Dataset content
* * *

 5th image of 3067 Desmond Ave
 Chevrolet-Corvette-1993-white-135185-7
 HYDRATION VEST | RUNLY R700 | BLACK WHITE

* * *

Problem description
Copy the whole listing out exactly, so that every line matches what is above.

Response to the task
 5th image of 3067 Desmond Ave
 Chevrolet-Corvette-1993-white-135185-7
 HYDRATION VEST | RUNLY R700 | BLACK WHITE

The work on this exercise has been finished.